El progreso es un concepto que indica la existencia de un sentido de mejora en la condición humana. Pero el problema ha estado en lograr un acuerdo sobre qué significa avanzar hacia esa mejora. Para ello, es necesario partir de bases constituidas por conceptos comunes en el campo de la antropología filosófica. Ante la ausencia de estas bases, unos han identificado el progreso con el avance del saber y la virtud; otros, con la expansión de la libertad individual, el crecimiento económico y el dominio sobre la naturaleza; otros, con la capacidad de forjar hombres nuevos a través del poder político, etc.

Al publicar su libro Historia de la idea de progreso (1980), el sociólogo Robert Nisbet sostuvo que “…la fe occidental en el progreso se va marchitando rápidamente”. Y acertó, pues hoy día lo que avanza es la convicción –compartida por no pocos progresistas y conservadores– de que la humanidad va de mal en peor. Se percibe que los cambios socioculturales y la inequidad están erosionando valores sociales medulares. No es coincidencia, pues, que con frecuencia se hable de un escenario de “incertidumbres crónicas”.

Lo cierto es que han surgido propuestas que buscan reescribir las premisas de lo que se ha entendido por progreso. Entre ellas, destaca la idea de que es posible lograr, no el decrecimiento económico propugnado por varios progresistas, sino el crecimiento económico con respeto al medio ambiente, un ideal que ha ganado fuerza en los países más ricos. Esta visión se alinea con el concepto de “crecimiento verde”, que confía en los avances tecnológicos y la innovación en infraestructuras para usar de forma más eficiente los recursos disponibles, buscando aumentar la riqueza material con el menor impacto ambiental posible. También se vincula con herramientas del “desarrollo sostenible”, como los incentivos a las energías renovables, los impuestos a las más contaminantes y los nuevos modelos de negocio.
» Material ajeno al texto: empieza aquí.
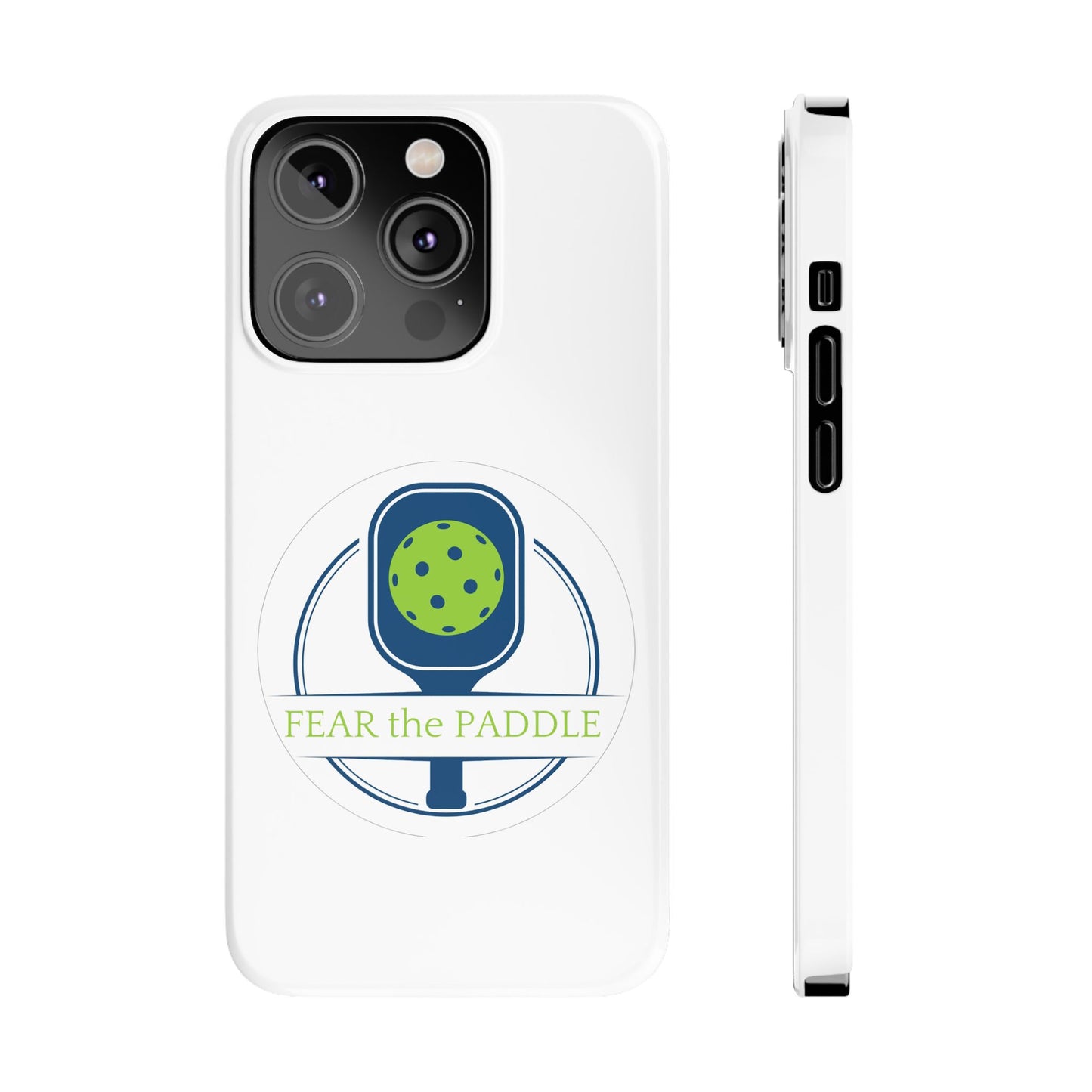 "Fear the Paddle" Slim Phone Case | White | Fits iPhone 15 and iPhone 14 Models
En fin…, el punto a destacar es que, en el trasfondo, hay una filosofía de vida que busca cambiar el crecimiento económico y el consumismo por la aspiración de vivir con más sentido, aumentando el espacio para disfrutar los bienes inmateriales de la naturaleza como fuente de gozo estético y perfeccionamiento espiritual. Sin embargo, este núcleo básico de dichas propuestas tiende a veces a mezclarse con planteamientos más o menos utópicos o extremos de varios movimientos progresistas, como el feminismo victimista, el ecologismo radical, el veganismo, la sexodiversidad o lo “woke”, entre otros. Estas tendencias ideológicas, en realidad, no contribuyen a vivir con más sentido.

Para progresar, se trata entonces de buscar el crecimiento, no solo económicamente sostenible, sino también en humanidad. ¿Cómo? Conectando la visión de quienes subrayamos la necesidad de equilibrar el tiempo que dedicamos a producir y consumir con el tiempo de cuidado familiar y descanso edificante. Aquí la idea básica es que no somos unidades de producción autónomas, sino seres familiares por naturaleza –hecho eminentemente antropológico (todos somos hijos)–, que han de compaginar las obligaciones profesionales con las responsabilidades de crianza, cuidado y formación. Las sociedades contemporáneas urbanizadas disponen los tiempos para estas cosas de manera muy desequilibrada.

Para corregir este desequilibrio, es clave la perspectiva de familia, un mecanismo que incentiva a los poderes públicos a valorar si sus políticas en distintos ámbitos (educación, fiscal, laboral, transporte…) facilitan e incentivan, o no, la vida en familia. De esta manera, la sociedad sale ganando, puesto que mujeres y hombres participan, con igualdad de derechos, tanto en la esfera pública como en la privada. Y en la medida en que se abre más espacio a la cultura del cuidado, también se contrarresta la cultura del descarte de la ancianidad.